Alternatively, or in addition, the animation format is based on a list of qualifying properties that describe a scene and a humanoid avatar, including textures, meshes, materials, expressions, and armature (such as described in the VRM file format). Alternatively, or in addition, the steps occur in real time or near real time. Alternatively, or in addition, the computing device or system comprises an augmented reality device. Alternatively, or in addition, the computing device or system comprises a virtual reality device.


In a fourth aspect, a non-transitory memory device is provided that includes computer instructions for controlling one or more computer processors to perform the steps of any of the methods disclosed herein.





BRIEF DESCRIPTION OF THE DRAWINGS

The accompanying drawings, which are incorporated in and constitute a part of this specification, illustrate various embodiments of the invention and, together with the general description of the invention given above, and the detailed description of the embodiments given below, serve to explain the embodiments of the invention.

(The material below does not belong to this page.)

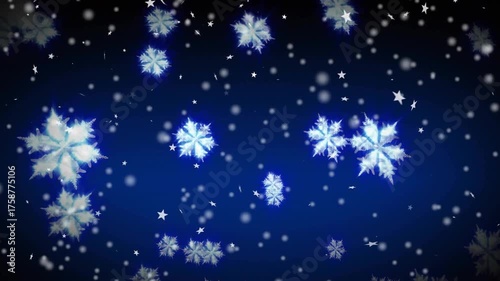 Large snowflakes drifting and rotating while medium and small flakes joining creating snowfall loop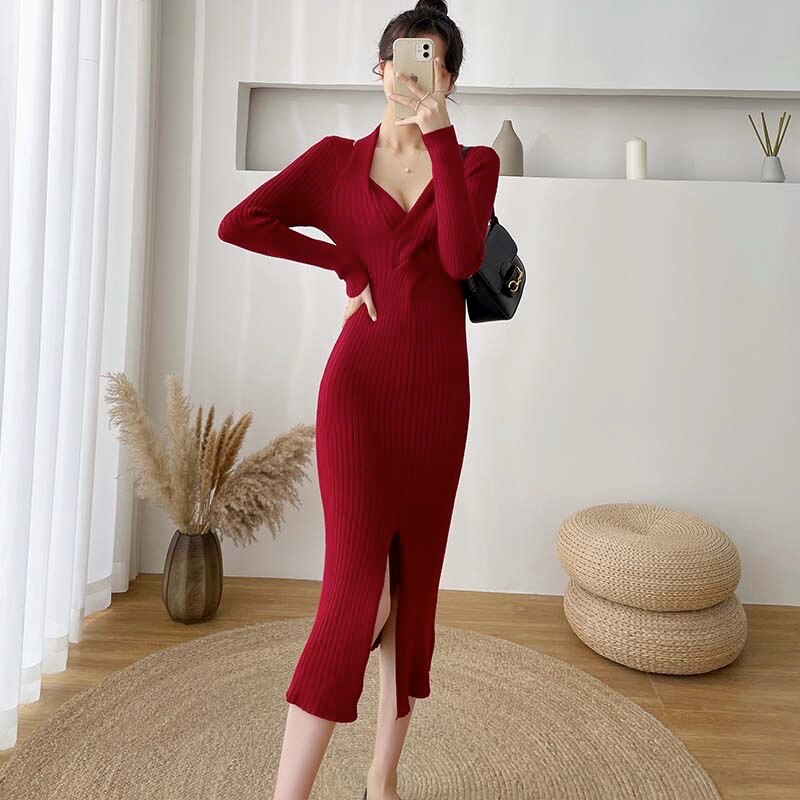 Split Sexy Sweater V-neck Fall Winter High Waist Elegant Slim Knitted Dress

FIG. 1 is a flow diagram representation of various embodiments disclosed herein;



FIG. 2 is a graphical illustration of a display of a computing device according to various embodiments disclosed herein;



FIG. 3 is an illustration of an augmented reality computing device utilizing various embodiments disclosed herein;



FIG. 4 is an illustration of a virtual reality computing device utilizing various embodiments disclosed herein; and



FIG. 5 is a block diagram representation of a system for implementing various embodiments disclosed herein.





DETAILED DESCRIPTION

Embodiments of the disclosure provide an accessibility implementation that displays a 3D model (or avatar) alongside a video player. This avatar is used to replicate a previously translated text or audio into sign language, using an AI model to refine the necessary movements.


An embodiment provides a software system capable of reading an audio file or a transcript and converting it into a sequence of sign language movements. A 3D or 2D avatar animation may be generated from the sequence of sign language movements in a primary window or in a secondary window on a user's computing device (or in a virtual reality or augmented reality space) using accelerated graphical APIs To make movements appear more natural, the sequence of gestures/movements may be generated through an AI model, or a combination of natural language analysis and an AI model, to smooth out any possible transition across the gestures and adapt it to the viewing condition.


Referring to FIGS. 1-5, a user may upload a video file in step 10 (e.g., from user computer 52 to server(s) 50 over the network 58). From uploaded video file, a traditional video transcoding pipeline 12 is present on the server(s) 50. In a parallel computing path to the transcoding pipeline, the server(s) 50 may generate an audio transcription 14 from the spoken audio in the video file. This transcript may be used for captions (sent to caption storage in step 16) and may also be used to generate the sequence of sign language gesture/movement instructions in step 18.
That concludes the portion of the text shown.